Это были особые интонации на радио / ТВ: открыли, допустим, новую школу или там хлев – и голос у диктора такой теплый-теплый, до рвоты. Но ладно голос, а вот газетные словечки, фразы, клише, пропитанные особой фальшью, были совершенно невыносимы.
«Чуткий», например. Какие-нибудь партийные хряки, гоголевские заматеревшие свинорыла, в своей чиновничьей функции были «чуткими». Менты или пожарники обязательно «дарили людям хорошее настроение». Если случался худо-бедно «творческий» гражданин, художник или музыкант, то он «дарил радость», а просто так, для заработка, работать было неприлично. Надо было обязательно дарить.
А вот педагог или писатель, а то и сам журналист (публицист) «делился наболевшим». Мне в детстве всегда представлялось, что он харкал в лицо или сплевывал туберкулезную мокроту в мисочку, а потом протягивал желающим, а не то охотно предоставлял содержимое гнойных пустул. Как в детской считалке:
Шел солдат с бою,
Нес бутылку гною.
Кто слово пикнет,
Тот ее и выпьет.
При этом пакостная эта фразеология – не советского происхождения, а идет из XIX века, из демократической публицистики, такой честной, порывистой, пафосной, но такой оглушительно, вопиюще безвкусной, антиэстетической, глухими публицистами для слепых читателей с лучшими намерениями коллективно наворачиваемой. Вся вот эта писаревщина, «сапоги выше Пушкина», да, собственно, и сам суффикс «-щин-», подхваченный бойким многопишущим, многоликим ильичом сотоварищи: сначала достоевщина, клюевщина, есенинщина, а там и золотая Колыма, и расстрелы, и круговорот «кровавых костей в колесе» – всё оттуда, всё нечистым, липким, мармеладно-каловым комком.
Но я-то жила в советское время, и этот говорок (по-научному, дискурс) представлялся именно что советским: он расцвел и укрепился в советское время; тонкая материя распадается, а румяные черви только крепнут и плодятся. На короткое время (конец восьмидесятых – начало девяностых) говорок отступил, потому что фальшь перестала быть востребованной. А нынче… погляди в окно.
Как оно всегда и было, южная пышность была куда производительнее северной скудости. Писали-то плохо многие, но я отдаю первый приз с бантом одному украинскому письменнику, напечатавшему в конце восьмидесятых скорбное прощальное слово о своем товарище по перу… вроде бы товарища Евгеном звали. Этот Евген, сообщал нам письменник, был чудо как хорош в моральном, нержавеющем плане: он «снимал врачующим бичом полуду с наших глаз».

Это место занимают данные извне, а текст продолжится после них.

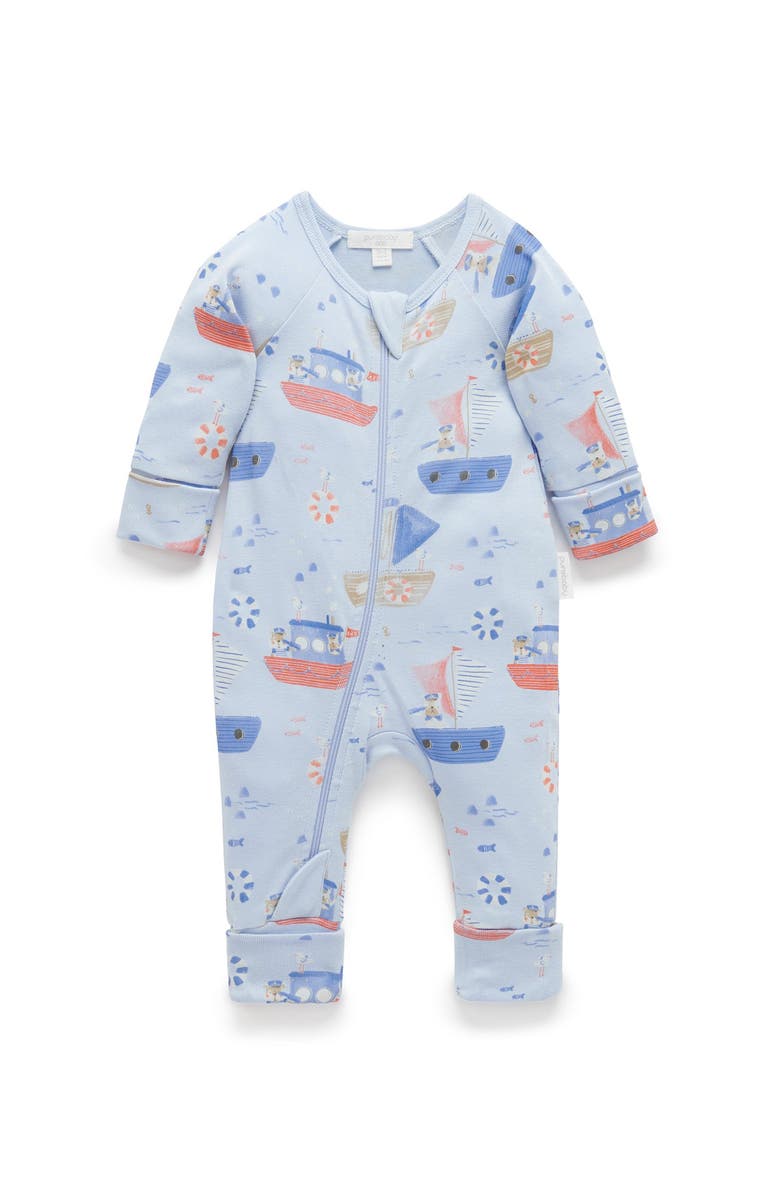 Purebaby Rib Zip Printed Romper Turtle Print, Main, color, Captain Doggy Print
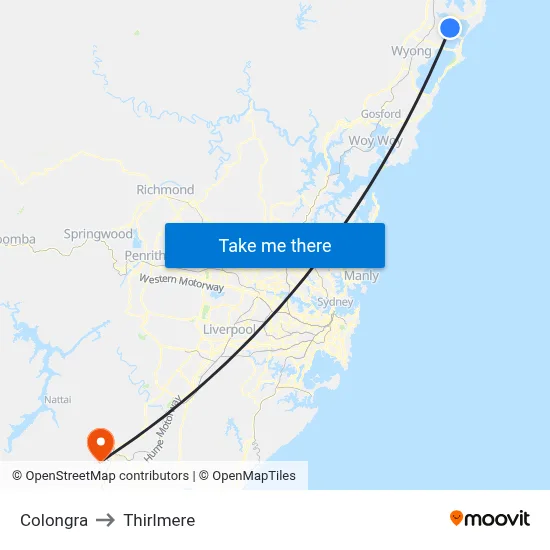 Colongra to Thirlmere map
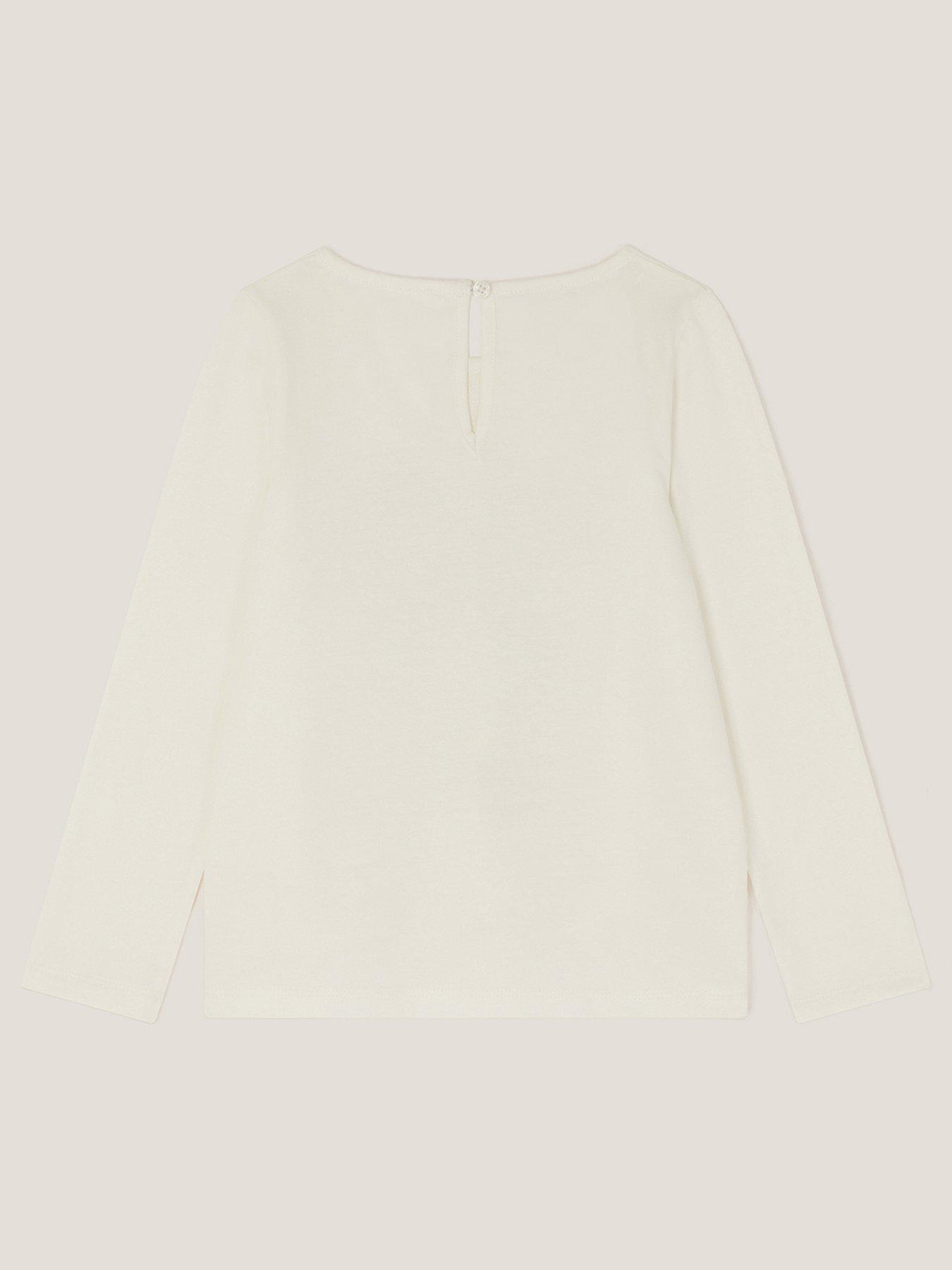 Image 3 of 4 of Monsoon Girls Bow Embroidered Long Sleeve T-Shirt - Light Cream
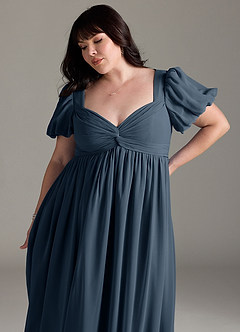 Azazie Madisynn Maternity Bridesmaid Dresses Bow Chiffon Floor-Length Dress image9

Стоя в очереди на кассу в «Перекрестке», вынуждена была раз семь выслушать рекламу шоколада какого-то там. В «Перекрестке» не разнообразят рекламные ролики, а крутят всё один и тот же по многу раз подряд, пока не добьются стойкого отвращения к рекламируемому товару – интересная тактика, не иначе они тайные оппозиционеры, борцы с буржуазным строем.